Overall, I think people in some form of transition – out of work, in between apartments, bouncing back from an illness or injury – tend to be perceived as a liability in some way. We wonder if their current situation will eventually pose a problem and make things more difficult. For me, I hated the idea of always being the one expected to host the sleep overs. It put unnecessary pressure on me. I can handle the out of work thing. I can deal with the financially strapped thing. But the couch surfing thing is something I don’t want to deal with. Am I being unfair or maybe a little too rigid? I’m sure. If I’m to be honest, someone sleeping on someone’s couch doesn’t exactly say, “Looking for a relationship” to me, either. That would be my main concern: what are they really looking for?

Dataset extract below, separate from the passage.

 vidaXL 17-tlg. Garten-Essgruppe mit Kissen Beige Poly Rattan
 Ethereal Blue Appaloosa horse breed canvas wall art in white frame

My concern for you, John, is that if you mention your job in your profile and then reveal your current situation in person, women will assume you were being deceptive. They’ll feel they were led on under false pretenses. If you don’t mention your job and wait until the initial meeting to share that info, women might still feel deceived.
Sadly, I think a lot of people look for reasons to blow someone off. Women especially. With all the paranoia out there about scammers and serial killers, some guys don’t stand a chance unless they provide a credit report and a blood test by the end of the first date. I was reading a website yesterday that offered classes on how women could verify academic/work history and determine a man’s approximate salary and rent payments. No joke. If they see a gap on your LinkedIn profile, you’re suspect. It’s ridiculous. Here’s how you avoid being scammed: don’t give them any money and leave if they ask you for it. There. Simple. I think what women fear more than anything is feeling stupid for trusting someone who by all accounts presented themselves as too perfect. Here’s the mantra, folks: If it seems too good to be true, it probably is. Everybody lies. It’s just a fact of life. I know people who say that they’re “Ivy Educated” and it turns out they actually graduated from a state school but went to a one year graduate program at an Ivy college. People do this stuff all the time. The problem isn’t really the embellishment. It’s our expectations and immature ideas about relationships.
That’s why I think John needs to make a brief mention of his situation in his profile. Something like:
“I’m anxious to get back to my job as a glass blower after a few months off due to an injury.”
Then he’s at least being upfront and won’t be selling himself in a way that will be perceived as dishonest. Undoubtedly, some women will take that and run with it and ask him what happened. That’s when he could offer more information.
Could it affect your prospects, John? Maybe a little. But those women who wouldn’t reply aren’t women you’d want to meet anyway. In which case, being upfront might be a good way to weed out the wrong people.